Example: object at 100 units per second, 1/60 time step. Distance per frame: about 1.67 units. If collider thinner, it tunnels.
Toggle discrete to continuous. Log broad-phase pairs. Isolate the failed pair.
Math check: velocity * delta_t > collider size? Enable substeps.
Test Fixes and Verify Across Speeds
Apply CCD or substeps for speedsters. Ramp velocities low to high. Check multiplayer sync if online.
Run stress suites: 10x speeds, crowds. Verify no regressions elsewhere.
Clean up: remove debug logs, optimize costs. Polish feels right.
- Patch the root: substep if tunneling.
- Retest full range.
- Profile impact.
Lock Down Future Wins with Smart Prevention Moves
Build robust physics from design phase. Choose scales and rates that suit speed. Confidence comes from habits.
Focus on time management and shapes. These cut bugs before they spawn.
Tune Time Steps and Detection Modes Right
Fixed steps beat variable for consistency. Cap delta at 1/120 second. Enable continuous for fast movers.
Perf hit? Substep selectively on projectiles. Balance with profiler data.
Test extremes early. Reliability trumps raw speed.
Design Shapes and Speeds to Play Nice
Use capsule over box for characters; less sticking. Cap top speeds below tunnel thresholds.
Layer colliders: triggers for events, solids for blocks. Shooter games cap bullets; racers bevel edges.

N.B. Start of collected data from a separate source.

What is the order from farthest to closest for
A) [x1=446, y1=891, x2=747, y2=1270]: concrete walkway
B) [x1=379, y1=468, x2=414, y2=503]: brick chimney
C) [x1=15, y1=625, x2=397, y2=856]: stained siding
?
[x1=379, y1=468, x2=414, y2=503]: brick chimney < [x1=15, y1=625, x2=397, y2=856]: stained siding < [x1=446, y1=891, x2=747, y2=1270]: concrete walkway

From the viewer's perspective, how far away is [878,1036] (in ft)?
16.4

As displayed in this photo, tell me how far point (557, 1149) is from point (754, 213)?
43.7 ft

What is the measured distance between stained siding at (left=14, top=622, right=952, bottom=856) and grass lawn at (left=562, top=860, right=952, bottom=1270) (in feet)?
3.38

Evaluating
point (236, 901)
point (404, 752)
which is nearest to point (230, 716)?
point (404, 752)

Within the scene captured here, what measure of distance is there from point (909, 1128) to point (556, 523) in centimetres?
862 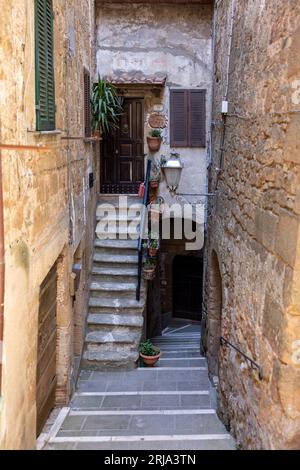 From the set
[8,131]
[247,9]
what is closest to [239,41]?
[247,9]

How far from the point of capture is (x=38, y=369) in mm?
5293

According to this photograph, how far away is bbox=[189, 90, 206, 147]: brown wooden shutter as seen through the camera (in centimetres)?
1062

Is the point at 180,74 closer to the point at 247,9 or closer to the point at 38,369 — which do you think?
the point at 247,9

- Speed caps: Limit to 2x frame distance.
- Chamfer shapes: Round edges cut ghosts.
- Scale wisely: Units match time steps.
These choices make engines forgive small slips.
Debugging collision errors boosts your games. Spot tunneling, jitter, or ghosts fast with visuals and logs. Follow the workflow, then prevent repeats through smart tuning.
Try slow-mo on your next bug today. It reveals secrets instantly. Share your toughest collision story in the comments. What fix worked best for you?